MnDOT is testing a system on I-94 this summer that it hopes will reduce work zone crashes by raising driver awareness of upcoming congestion. Systems with the same purpose have been tested in rural work zones, but mostly applied to locations where backups were predictable.
The Smart Work Zone Speed Notification System will take a different approach, informing drivers of the speed ahead, as opposed to a variable speed limit system tested previously on I-94, which also detected congestion but provided advisory speeds to drivers. It is envisioned that the new system will have greater success in reducing rear-end crashes on large, urban freeway work zones.
The new system is being tested and evaluated on I-94, east of downtown St. Paul, during work to replace and repair the roadway.
Police enforcement and speed limits are the main method of reducing the speed of drivers in Minnesota work zones. While this practice is effective, reducing speeds by approximately 10 to 15 mph, it is not practical to staff every work zone with law enforcement. As an alternative, some states are using automated speed enforcement cameras in work zones.
Automated speed enforcement cameras have been shown to reduce speeds in work zones, but such research did not evaluate how the cameras impact driver attention.
This study explored driver awareness and found that automated speed enforcement cameras in work zones are not a source of driver distraction. It also revealed differences in work zone driving behavior: Older drivers were least able to follow another vehicle closely, while younger drivers were least likely to monitor their speed carefully.
Work zone intrusions — when traveling vehicles enter the work space of a work zone — are a clear safety concern even if they do not result in an accident, and they may indicate locations where future accidents are likely.

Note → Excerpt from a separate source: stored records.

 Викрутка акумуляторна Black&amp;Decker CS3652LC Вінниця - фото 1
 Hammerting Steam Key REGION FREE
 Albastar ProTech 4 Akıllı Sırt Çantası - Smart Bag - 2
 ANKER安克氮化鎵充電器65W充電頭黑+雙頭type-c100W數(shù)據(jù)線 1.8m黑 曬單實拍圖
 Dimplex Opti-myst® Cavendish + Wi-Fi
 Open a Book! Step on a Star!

MnDOT was interested in learning how other state DOTs collect work zone intrusion data, both the technology used for data collection and the specific information they collect.

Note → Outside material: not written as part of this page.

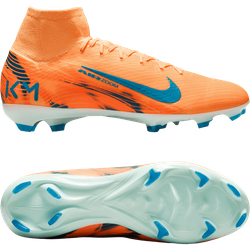 Nike Air Zoom Mercurial Superfly X Pro FG Kylian Mbappe Signature Orange F801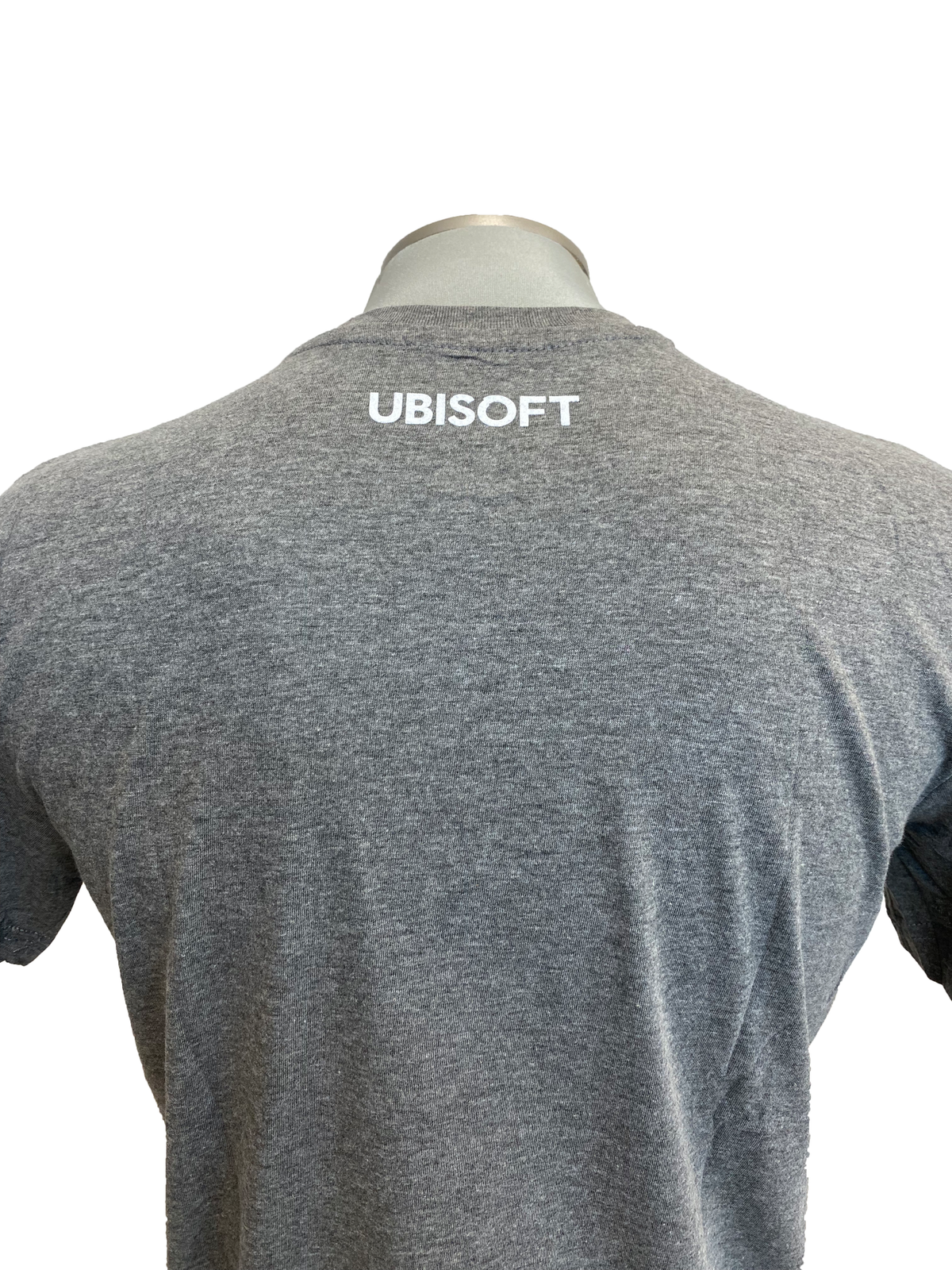 T-Shirt Ubisoft Swirl Grey Official Ubisoft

This Transportation Research Synthesis (TRS), completed in June 2015, surveyed state DOTs and conducted follow-up interviews with states that collect work zone intrusion data. The survey found that the relatively small number of states that do collect intrusion data typically do so via paper or electronic form.
As a result of the TRS, a recently funded research project proposes to develop a simple method to track and gather information on work zone intrusions. The aim of this process will be to produce a reporting interface (in the same vein as the Crash Report Usability And Design Project for the Department of Public Safety) that gathers essential information without being onerous to work crews.
Training was provided to introduce MnDOT maintenance workers to Automatic Flagger Assistance devices, which can improve safety in work zones by allowing flaggers to provide traffic guidance without having to be in the flow of traffic.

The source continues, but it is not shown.